Une rencontre illustre ce phénomène jusqu’à la caricature. Un électeur m’aborde. Je le reconnais. Il m’a régulièrement soutenu lors des dernières élections locales. Il me confie tout le bien qu’il pense de Benoît, «le seul à défendre les quartiers», puis se lance dans une diatribe d’une violence incroyable contre Valls. Il est scandalisé par sa trahison. Enfin une discussion qui se passe bien, pensé-je jusqu’à sa conclusion : «Rassurez-vous Monsieur Hanotin, on va leur faire payer à tous ces traîtres. Pour les punir, je vais voter… Mélenchon.»

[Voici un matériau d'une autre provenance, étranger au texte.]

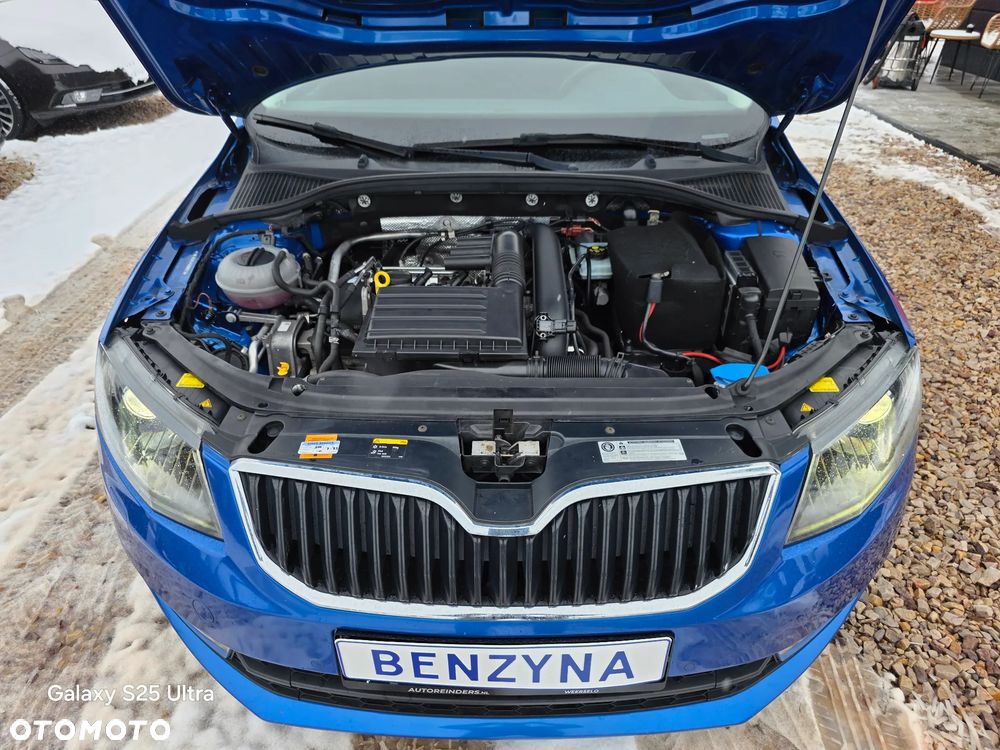 Skoda Octavia 1.2 TSI Green tec Elegance - 40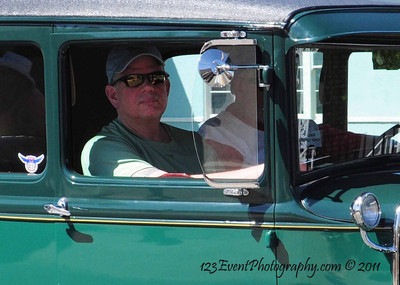 2011 Lakeside Western Days Parade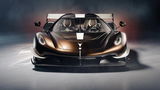 Koenigsegg Sadair's Spear - front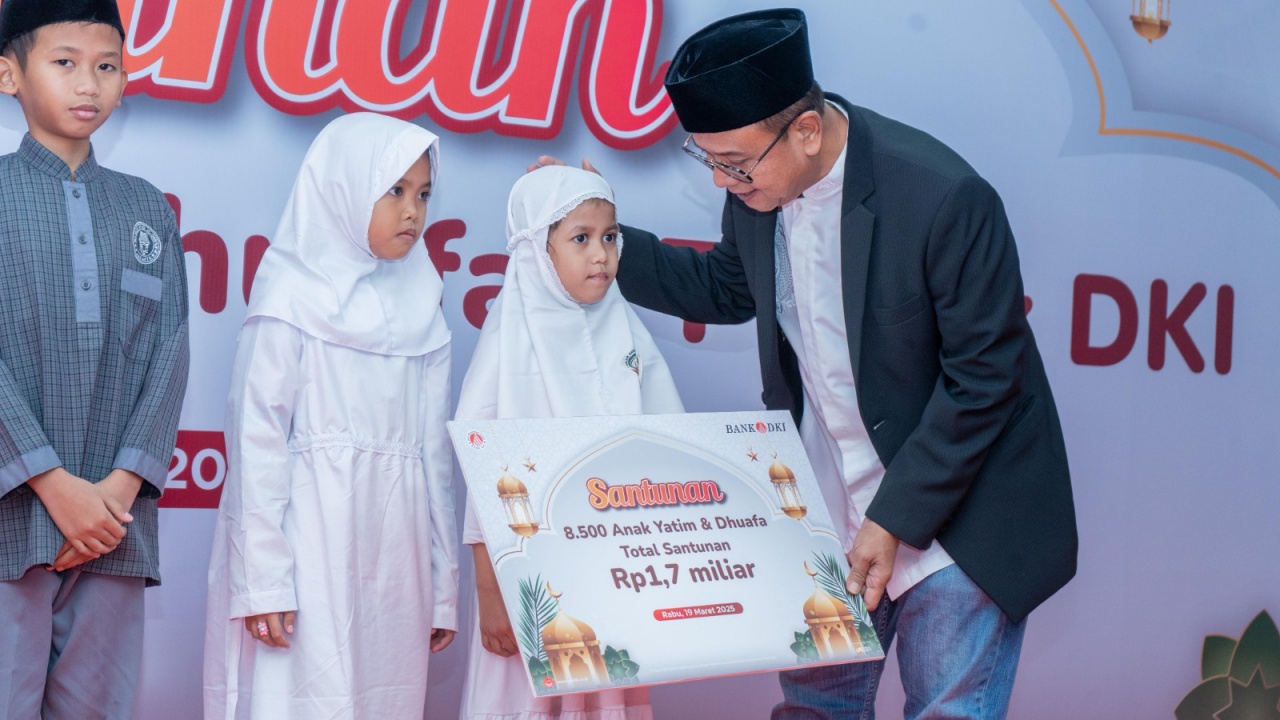 Pemprov DKI Kucurkan Dana Rp 1,7 Miliar untuk Santunan hingga Bantu Korban Banjir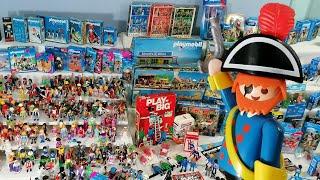 PLAYMOBIL Figuren, Packungen, Alternativen und Sondersets - Aufbau und Überblick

Je comprends alors que nous ne remonterons pas la pente. Nous sommes tombés dans le toboggan. Nous réussissons toutes nos initiatives mais plus rien n’accroche dans l’opinion. On glisse encore et encore. Terrible.

Nous n’incarnons plus l’espoir de renouveau de la gauche. Nous sommes devenus aux yeux de nos concitoyens les porteurs d’un système qu’ils rejettent et dont les tenants ne nous soutiennent pas. Nous perdons sur tous les tableaux.